__Prompt__.
Copy out the entire listing below exactly, but without its pictures.

__Data section__.

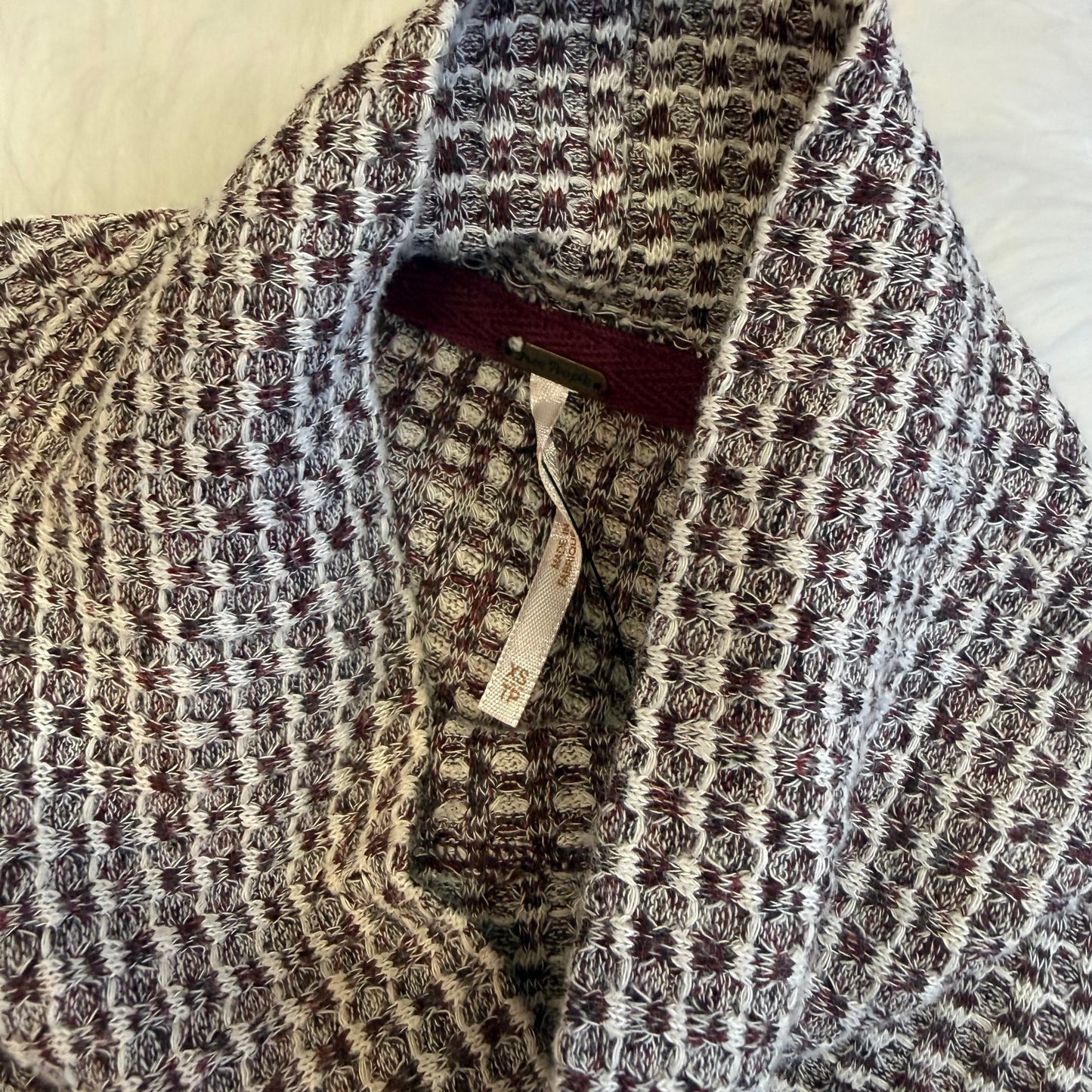Free People Waffle Knit Crop Sweater - XS/S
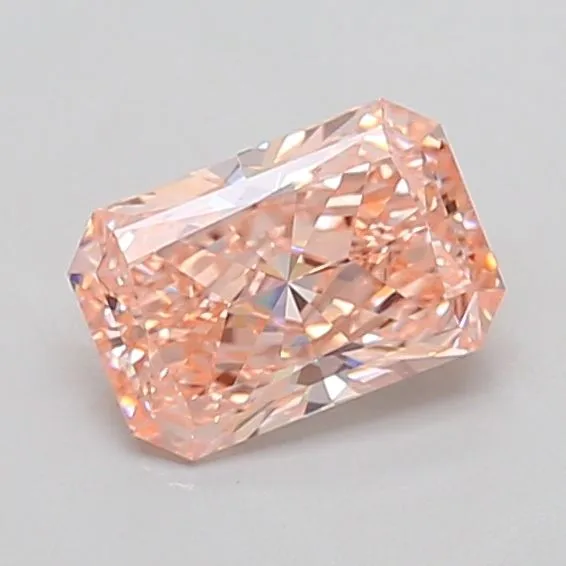 1.28ct RADIANT Fancy Intense Pink VVS2 Coloured Lab diamond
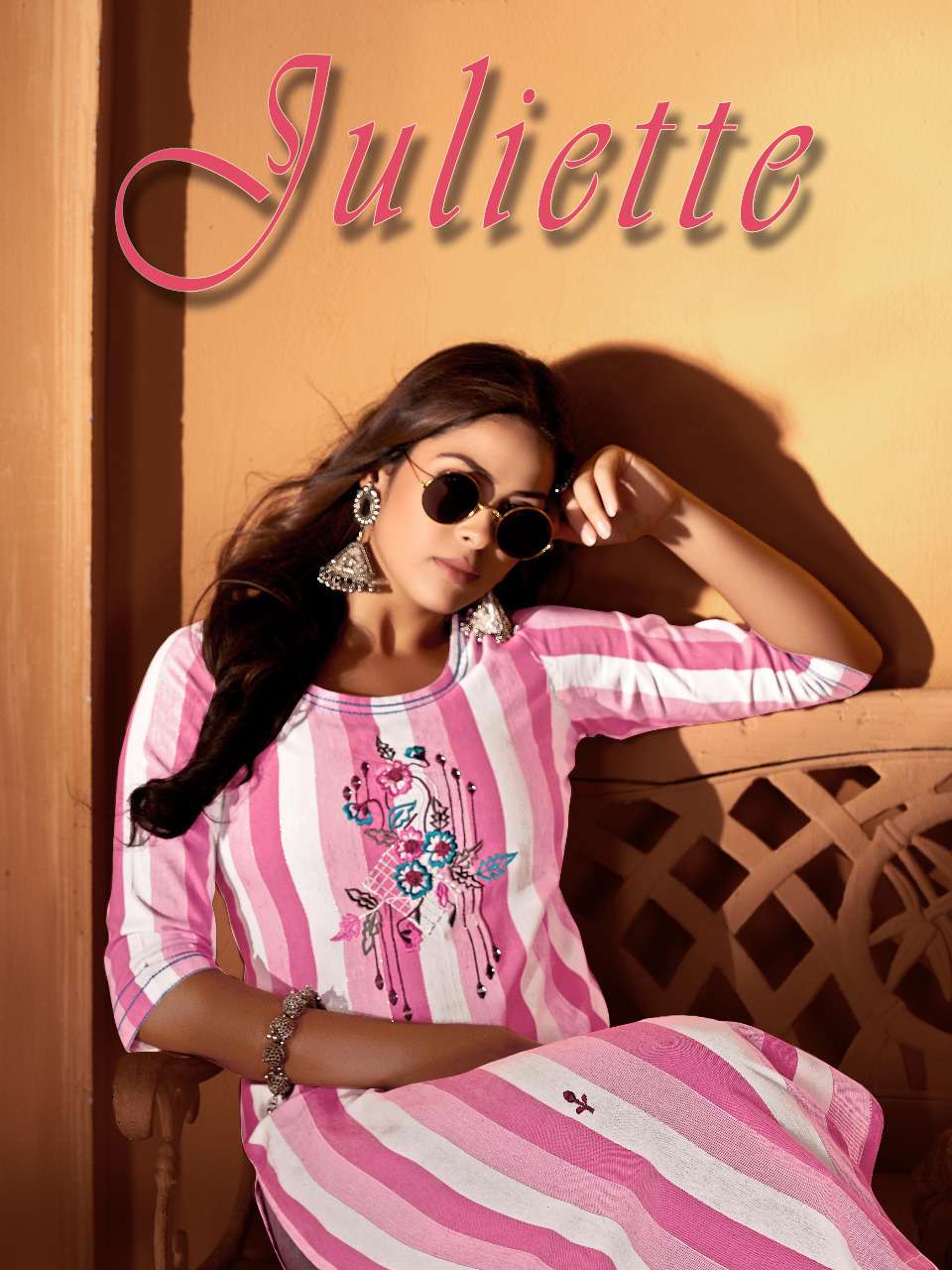 JULIETTE VOL-1 BY ASLIWHOLESALE 1123 TO 1127 SERIES COTTON KURTIS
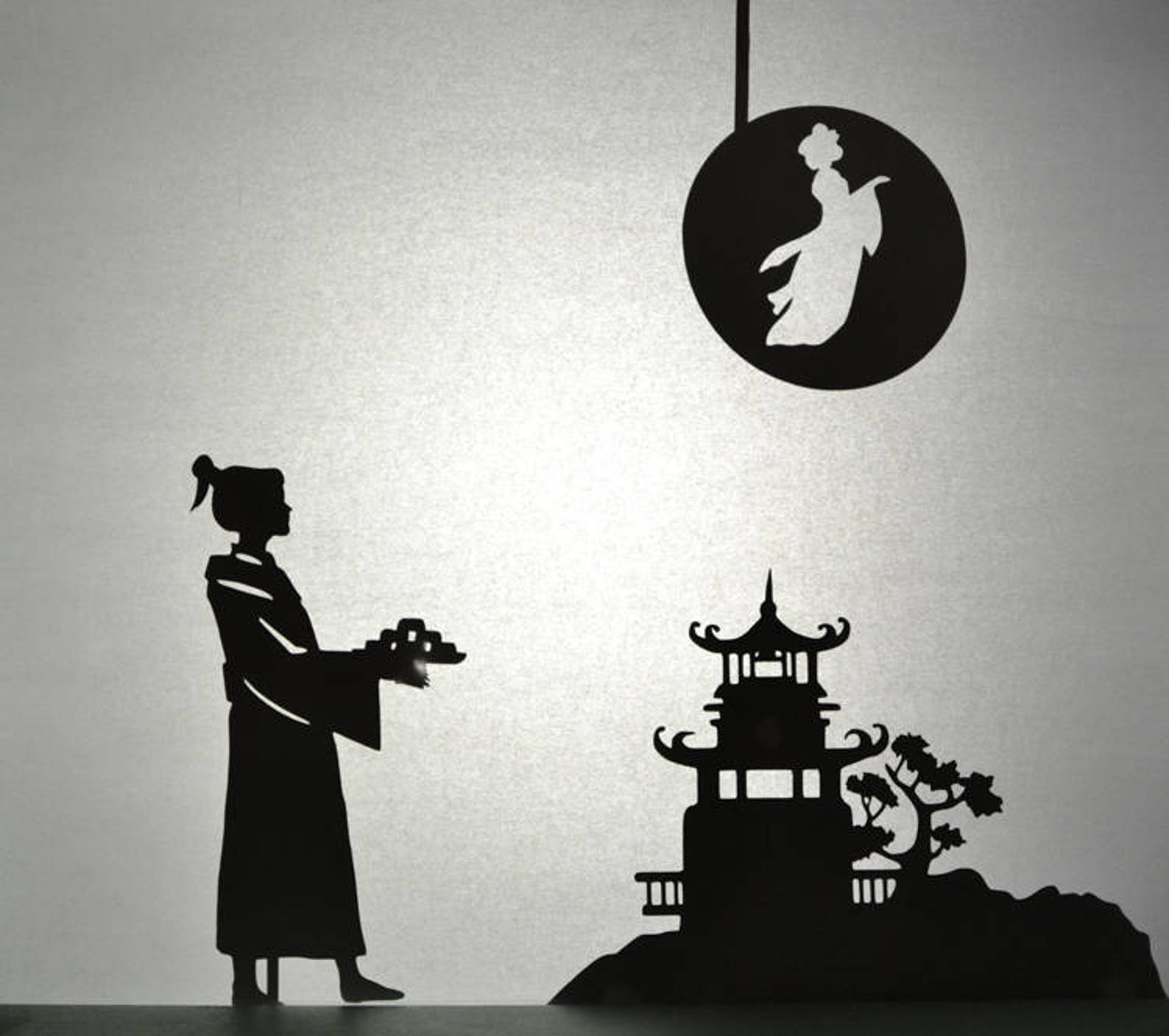 Moon Festival Legend Shadow Puppet Set for Kids - Etsy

__Answer for the task__.
Free People Waffle Knit Crop Sweater - XS/S
 1.28ct RADIANT Fancy Intense Pink VVS2 Coloured Lab diamond
 JULIETTE VOL-1 BY ASLIWHOLESALE 1123 TO 1127 SERIES COTTON KURTIS
 Moon Festival Legend Shadow Puppet Set for Kids - Etsy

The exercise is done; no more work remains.